Ans: Cassandra is a distributed database management system. It is initially developed at Facebook to improve its performance, and it is a tool made to power the Facebook inbox search feature. Due to its outstanding technical features, Cassandra became very popular and a top-level project.

How is data distribution done?

Ans: Cassandra database is a highly-available database, and it stores data by evenly dividing the data around its nodes. For this, it uses the Murmur3 partitioning function to distribute given data in nodes evenly.

How does Cassandra store data?

Ans: The data storage path in Cassandra begins with the memtable where the data is stored temporarily and is also called a commit log. And once committed, the data is periodically flushed and written into SSTable

What are the general operations of Cassandra CQL?

Ans: There are two types of operations carried by Cassandra:

Read operation and
Write operation

What is a write operation?

Ans: There is step by step operations in writing, which goes as follows.

Step1: It is as soon as it receives its request it sends the data to the commit log to save the data.

Step2: Data is inserted upon request and then sent to commit log to save data.

Step3: If the memtable reaches its limit then data is flushed to SSTable.

What are the best monitor tools of Cassandra?

Ans: Although Cassandra comes with built-in tolerance features, it still needs to be monitored for effective results. Here are some tools which Cassandra uses to monitor its databases:

Solarwind server and application monitor
Instana
Instaclustr
AppDynamics
Dynatrace
Machine engine applications manager.

Name the key roles of CQL?

It is very necessary to provide different types of users with different kinds of roles depending upon their requirements. It ensures the security of database users. and their key roles goes as follows:

Create a role
Alter role
Drop role
Grant role
Revoke role
List role

What are the characteristics of a column family?

Ans: There are many characteristics of a column family, and few of them goes as follows:

Key cached
Rows cached
Preload row cache

What do you mean by Tunable Consistency?

Tunable Consistency is used to keep the fresh and co-exist data rows on all their replicas. It permits the clients a better option in which they can select a consistency level as per their requirement. Tunable consistency is one of a kind features that make the users, developers, and architects having Cassandra their primary choice. Basically, it supports two kinds of consistencies

Eventual consistency- In this consistency, all the data is accessible from the last update, it has no new update. It is just mean to achieve replication of data.

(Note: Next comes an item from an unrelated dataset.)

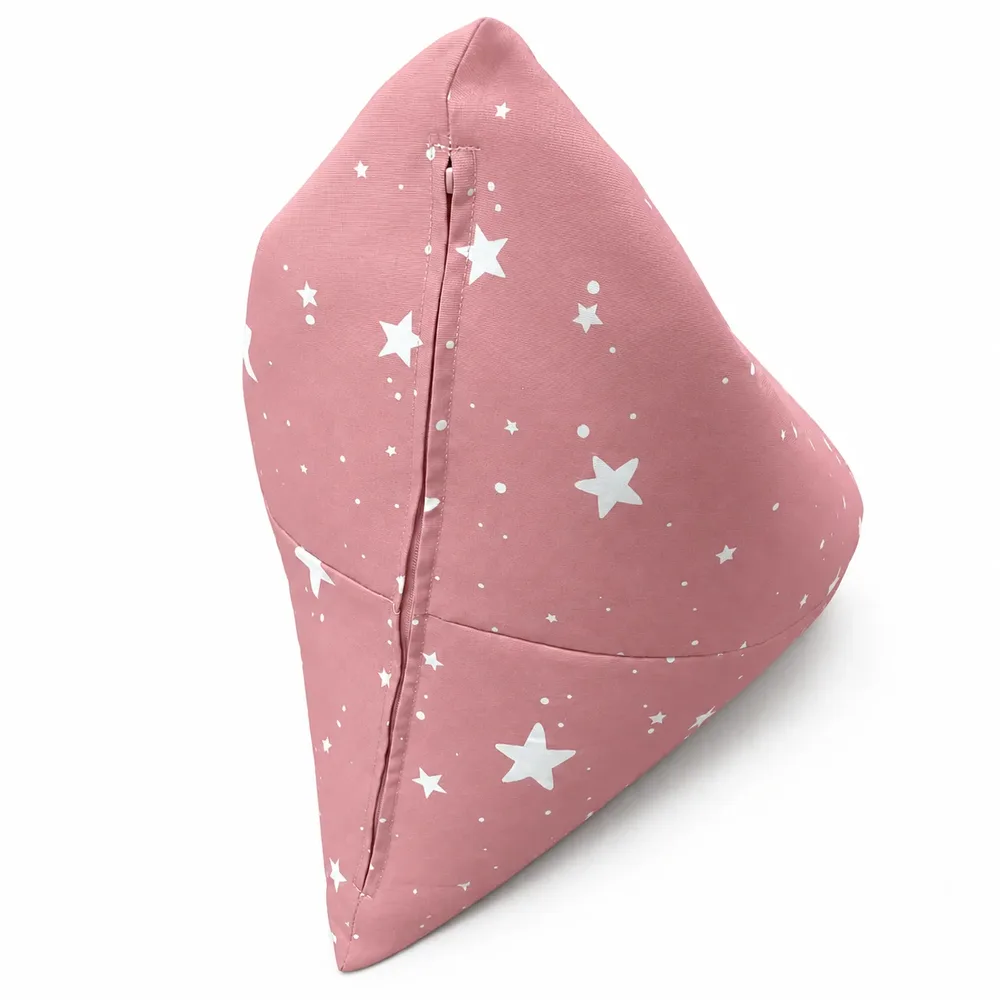 Детски пуф лежанка Little Stars, 100% памук, розов барбарон със звезди, 127x81x76 см, снимка 10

Strong consistency- In this type of consistency, it supports some kind of conditions. These are: –

R+ W > N, where

N stands for the number of replications of data

W stands for the number of nodes that demand to grant for a prosperous write

R stands for the number of nodes that demand to grant for a prosperous read.

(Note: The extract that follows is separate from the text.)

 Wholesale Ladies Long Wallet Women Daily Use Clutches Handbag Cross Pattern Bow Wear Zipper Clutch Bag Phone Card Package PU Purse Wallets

What do you mean by Column Family?

Column family as the name suggests it relates to a structure that has a large number of rows. These are associated with a key-value set. Key represents the title of the column while value suggests the column data. You can relate it to the hash map exist in Java. The Column family is very manageable as it provides one rows having a hundred of columns while the others provide just 2 columns. There are no limitations to list of columns.

What do you mean by SS Table and explain how it is different from the other original tables?

SS Table stands for Sorted String Table which indicates the presence of an important file in Cassandra and it accepts the repeated number of written memtables. These memtables are stockpiled on disk. It remains for every Cassandra table. A main feature of the SS Table is that it provides stability to the data files as it does not allow any changes once the data is written. Moreover, Cassandra generates three split files. These files are like bloom filter, partition summary and partition index.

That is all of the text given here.